**PROBLEM REQUIREMENTS:**
Copy the lines below exactly, starting at the one with "(1021077) 3 Ansichtskarten" and ending at the one with "Sirve Emvrf50c00b / Eddm036c16b", and leave out any picture.

**INPUT DATA:**
____________
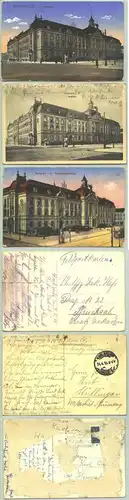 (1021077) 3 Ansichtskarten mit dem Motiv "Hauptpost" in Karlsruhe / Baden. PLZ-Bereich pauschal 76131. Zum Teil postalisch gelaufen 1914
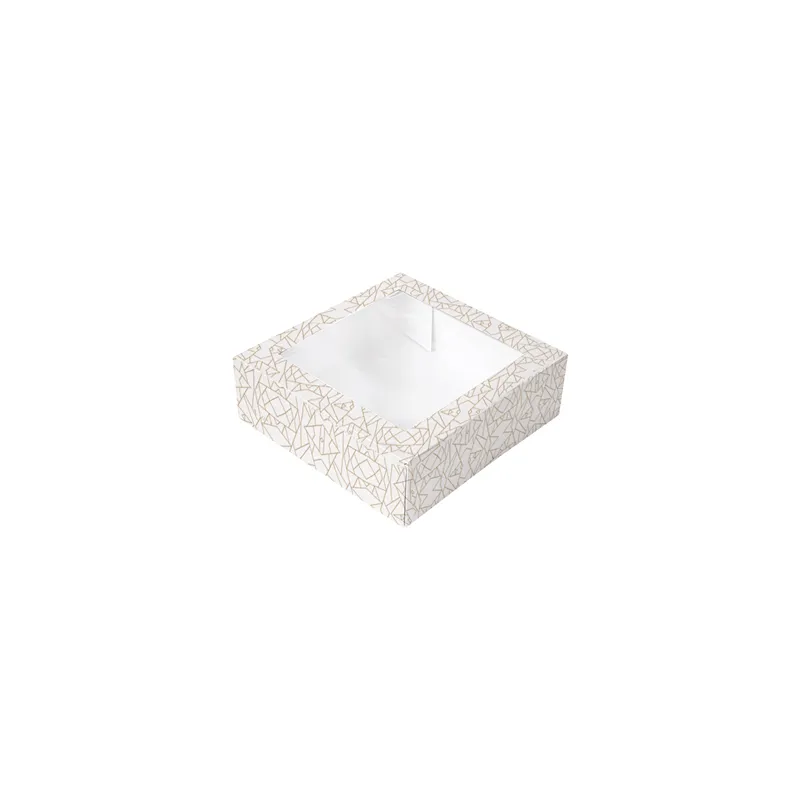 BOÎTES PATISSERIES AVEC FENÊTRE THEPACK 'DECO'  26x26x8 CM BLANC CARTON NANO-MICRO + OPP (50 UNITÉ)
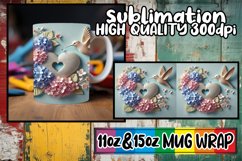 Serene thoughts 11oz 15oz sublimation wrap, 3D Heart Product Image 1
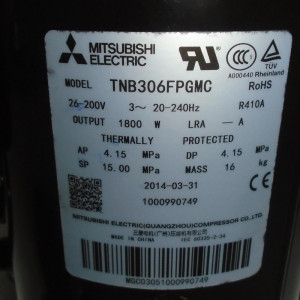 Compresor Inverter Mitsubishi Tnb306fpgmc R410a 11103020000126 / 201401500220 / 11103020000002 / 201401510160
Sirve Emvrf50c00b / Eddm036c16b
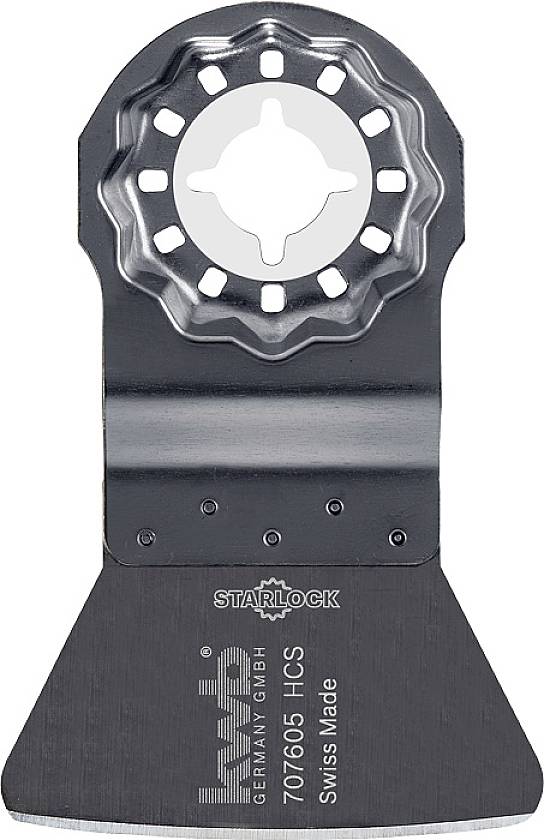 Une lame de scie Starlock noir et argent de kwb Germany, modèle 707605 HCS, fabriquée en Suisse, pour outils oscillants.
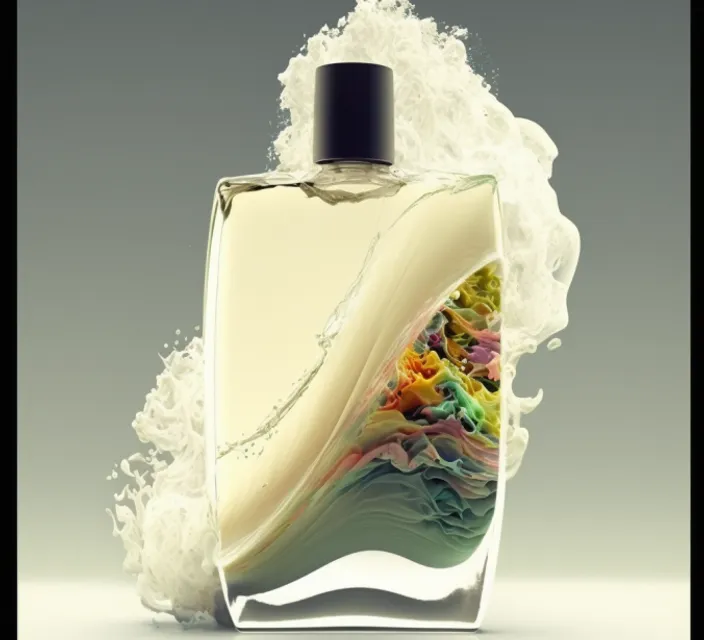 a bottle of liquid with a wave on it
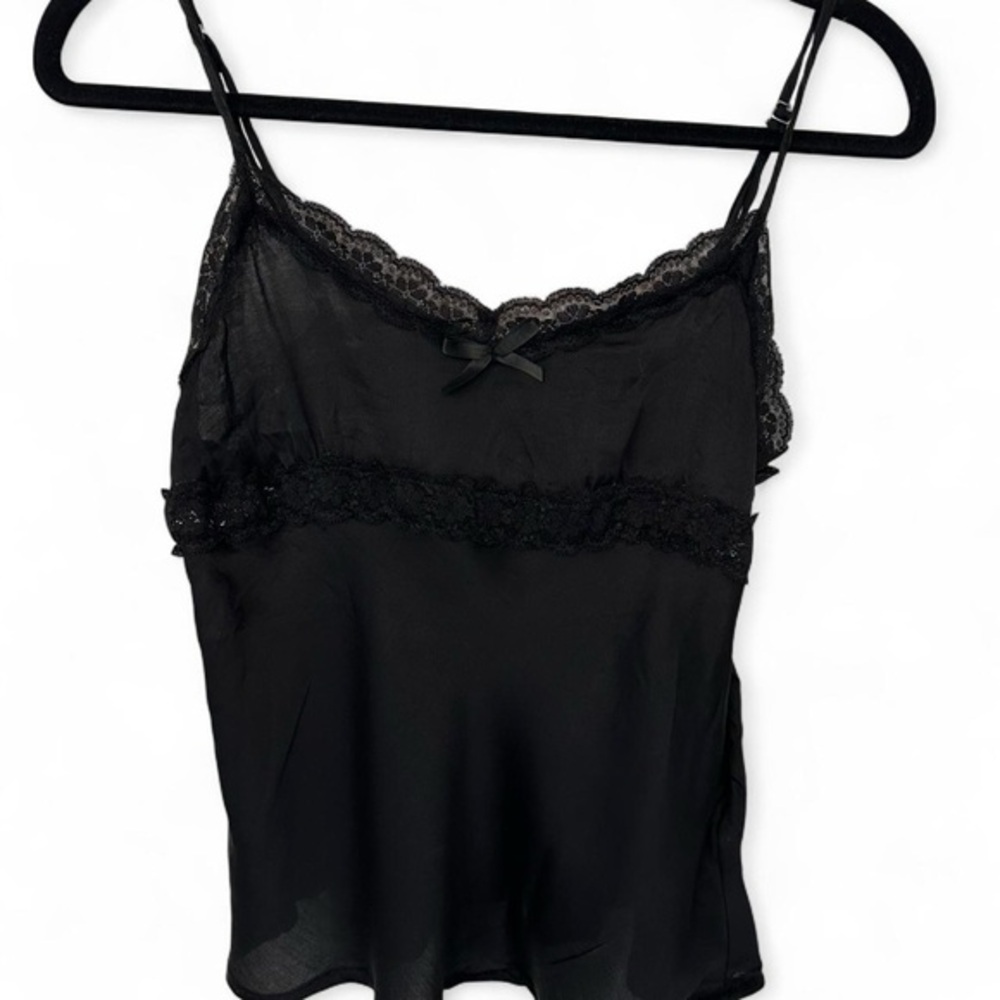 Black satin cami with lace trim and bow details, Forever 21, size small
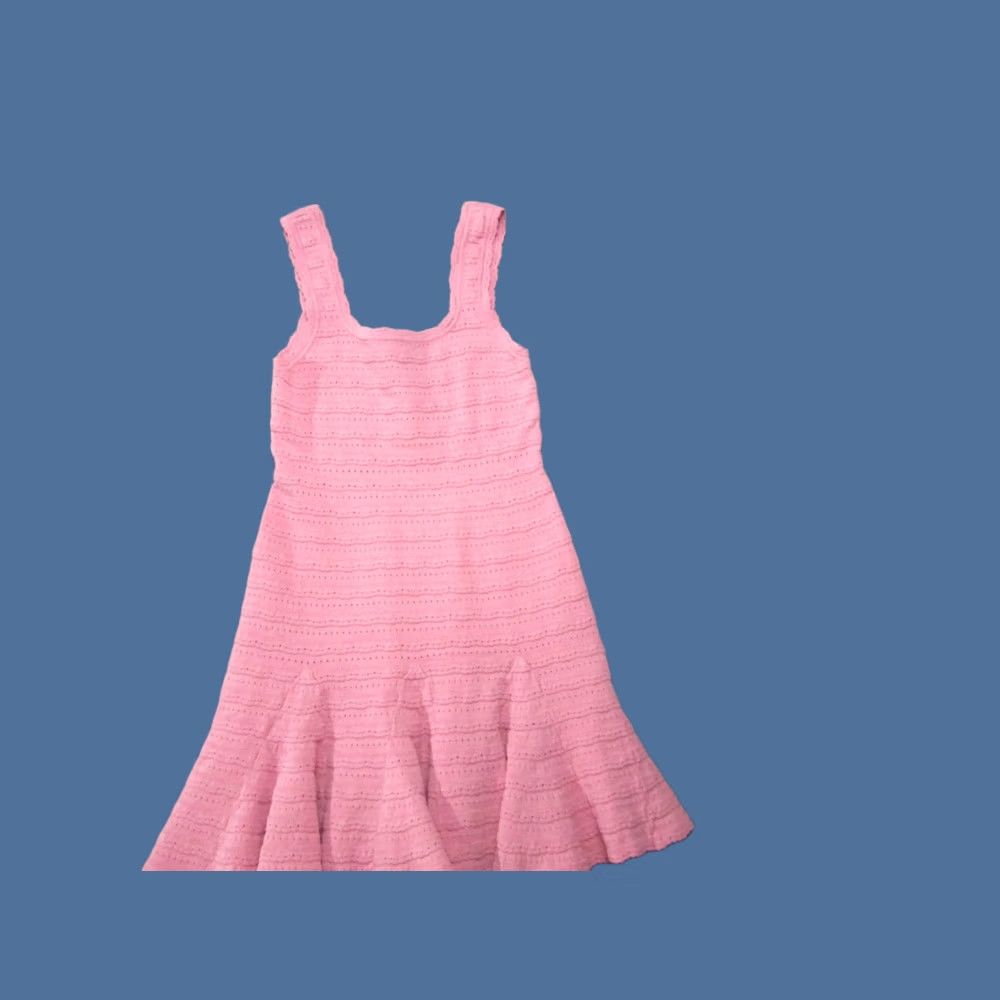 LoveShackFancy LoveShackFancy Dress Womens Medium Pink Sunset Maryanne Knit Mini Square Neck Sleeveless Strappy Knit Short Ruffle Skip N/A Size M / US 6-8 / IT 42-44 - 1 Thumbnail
____________
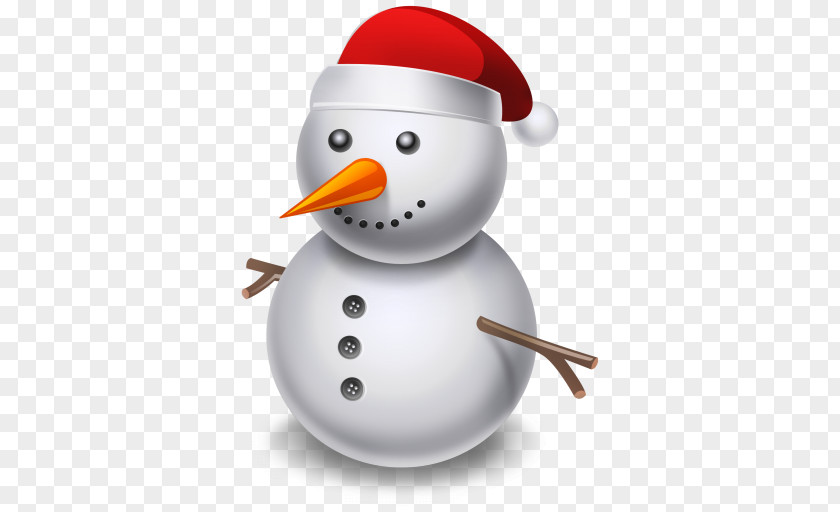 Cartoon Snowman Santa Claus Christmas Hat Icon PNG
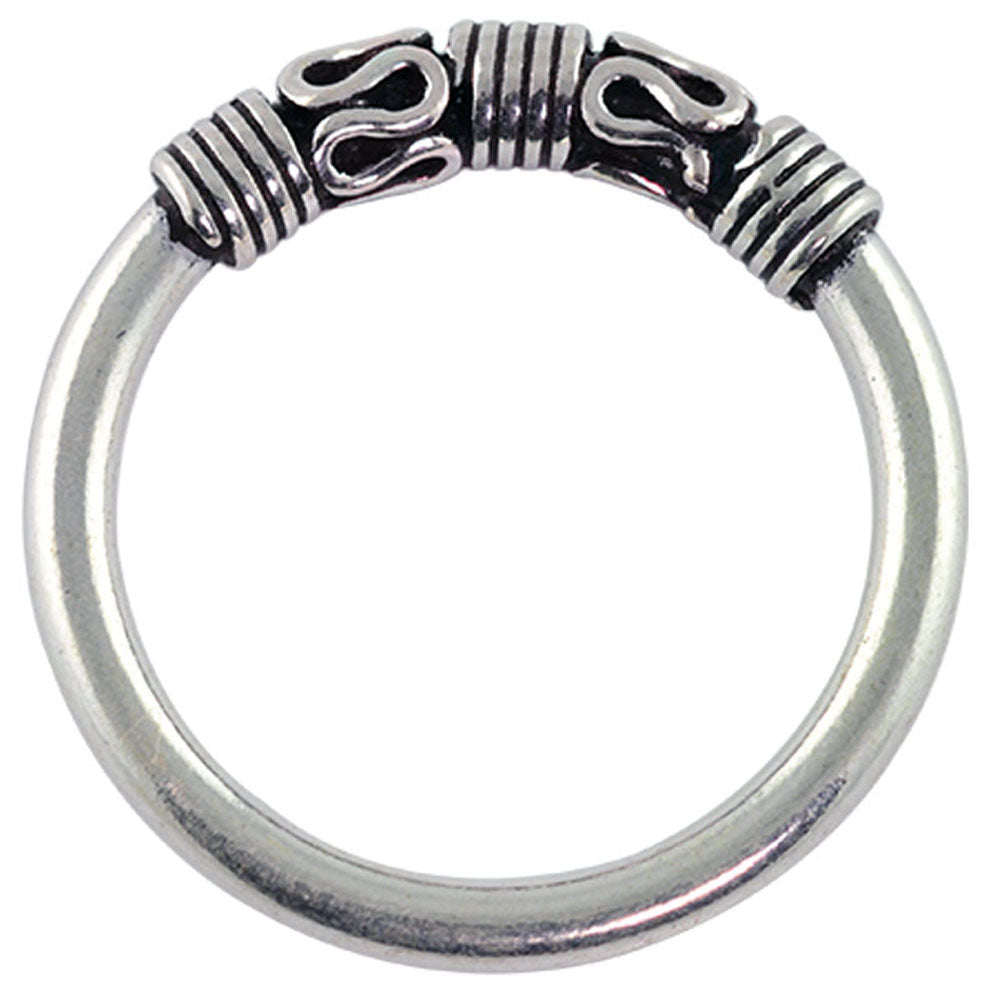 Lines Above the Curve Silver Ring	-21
____________
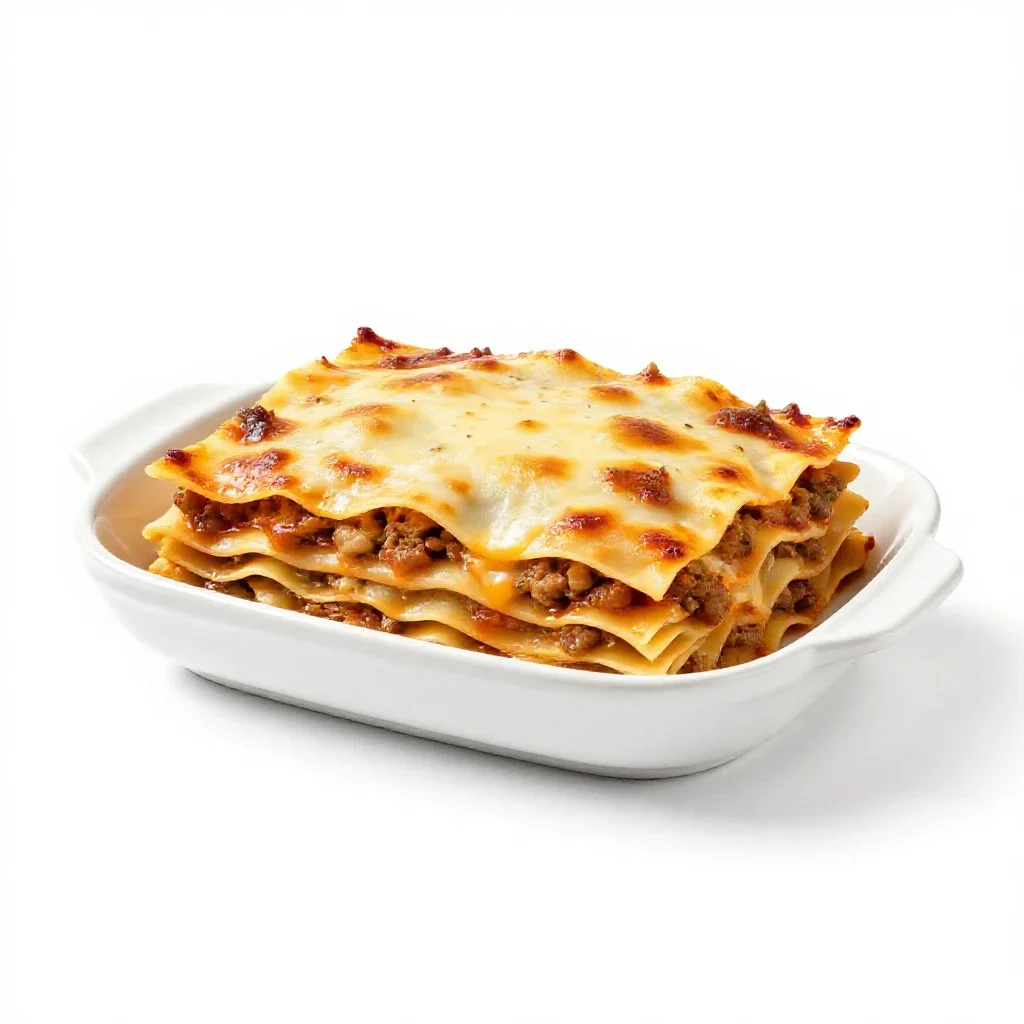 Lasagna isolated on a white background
____________
**RESULT OF THE TASK:**
 (1021077) 3 Ansichtskarten mit dem Motiv "Hauptpost" in Karlsruhe / Baden. PLZ-Bereich pauschal 76131. Zum Teil postalisch gelaufen 1914
 BOÎTES PATISSERIES AVEC FENÊTRE THEPACK 'DECO'  26x26x8 CM BLANC CARTON NANO-MICRO + OPP (50 UNITÉ)
 Serene thoughts 11oz 15oz sublimation wrap, 3D Heart Product Image 1
 Compresor Inverter Mitsubishi Tnb306fpgmc R410a 11103020000126 / 201401500220 / 11103020000002 / 201401510160
Sirve Emvrf50c00b / Eddm036c16b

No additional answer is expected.